====== DATASET EXTRACT

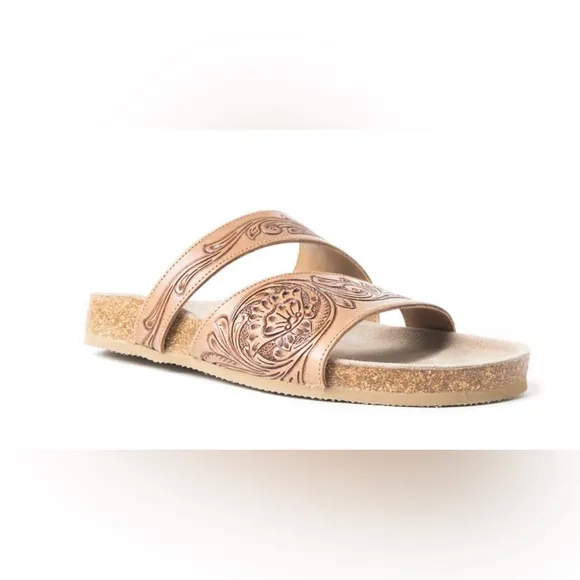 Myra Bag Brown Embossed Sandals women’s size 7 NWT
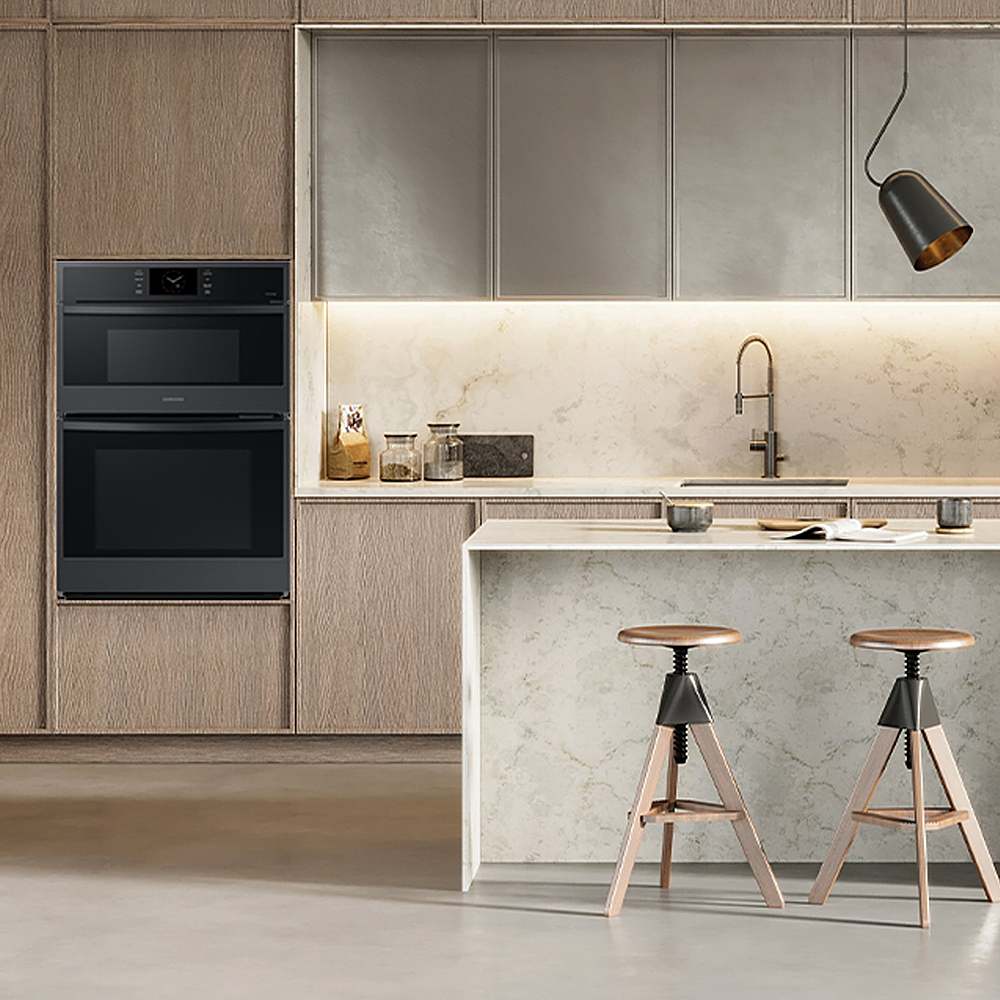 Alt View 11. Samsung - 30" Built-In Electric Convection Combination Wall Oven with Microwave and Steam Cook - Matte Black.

============
====== DATASET EXTRACT

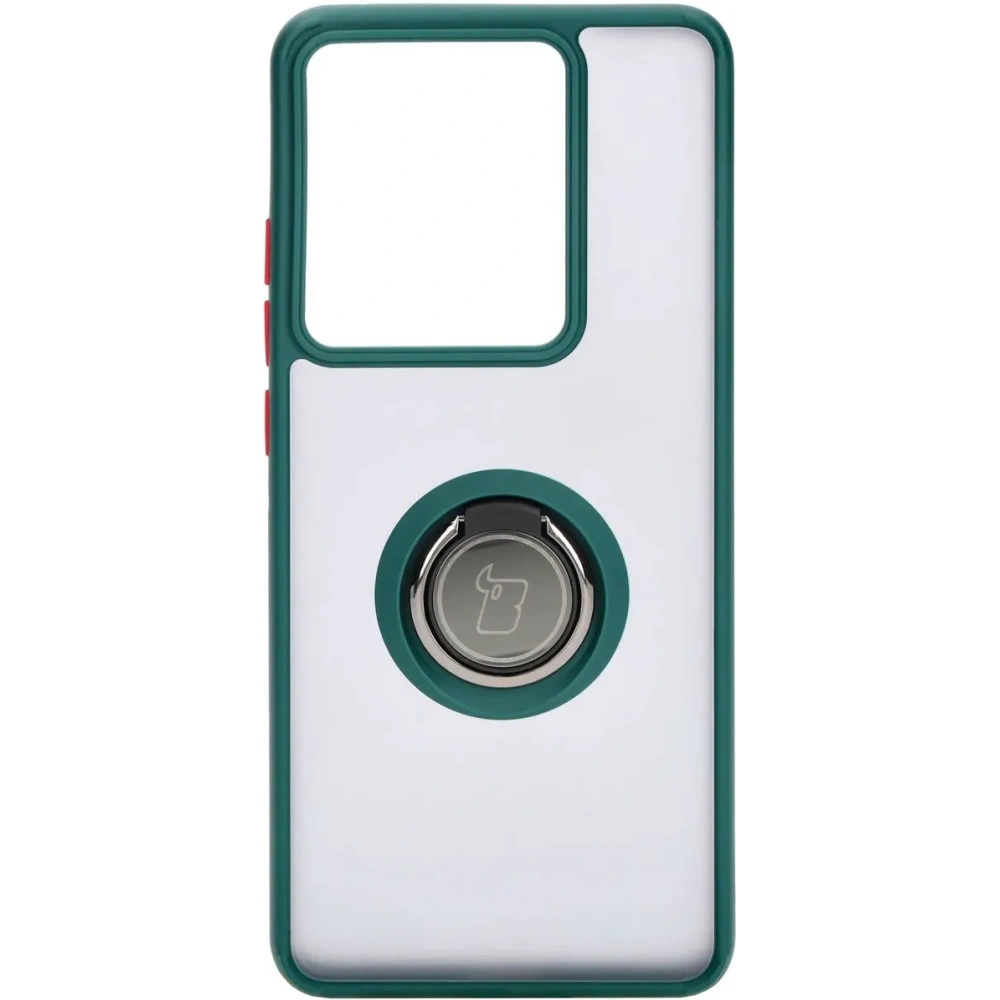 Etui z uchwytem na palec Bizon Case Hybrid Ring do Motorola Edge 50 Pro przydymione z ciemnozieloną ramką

============
====== DATASET EXTRACT

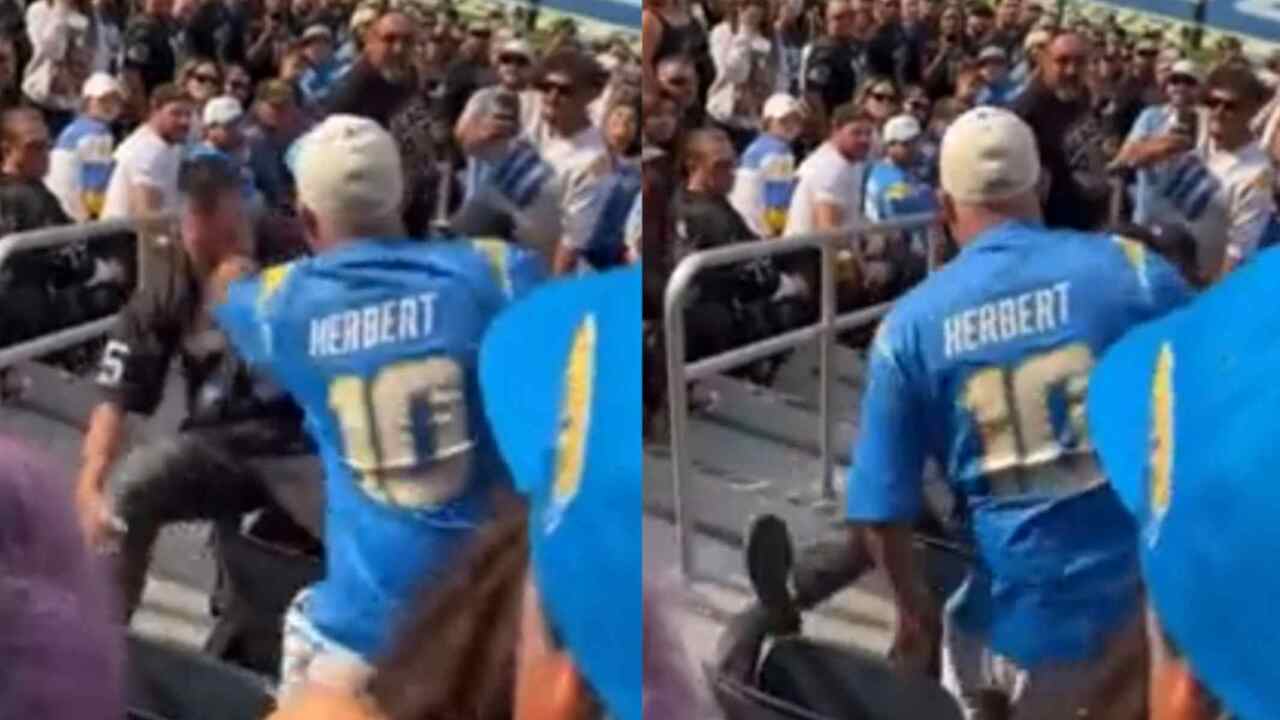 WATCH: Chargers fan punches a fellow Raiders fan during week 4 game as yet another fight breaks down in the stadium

============

YOUR GOAL. Within the listing above, copy exactly the lines that start at the one with "Myra Bag Brown" and continue through the one with "Alt View 11.". Omit pictures.

RESPONSE TO THE EXERCISE.
 Myra Bag Brown Embossed Sandals women’s size 7 NWT
 Alt View 11. Samsung - 30" Built-In Electric Convection Combination Wall Oven with Microwave and Steam Cook - Matte Black.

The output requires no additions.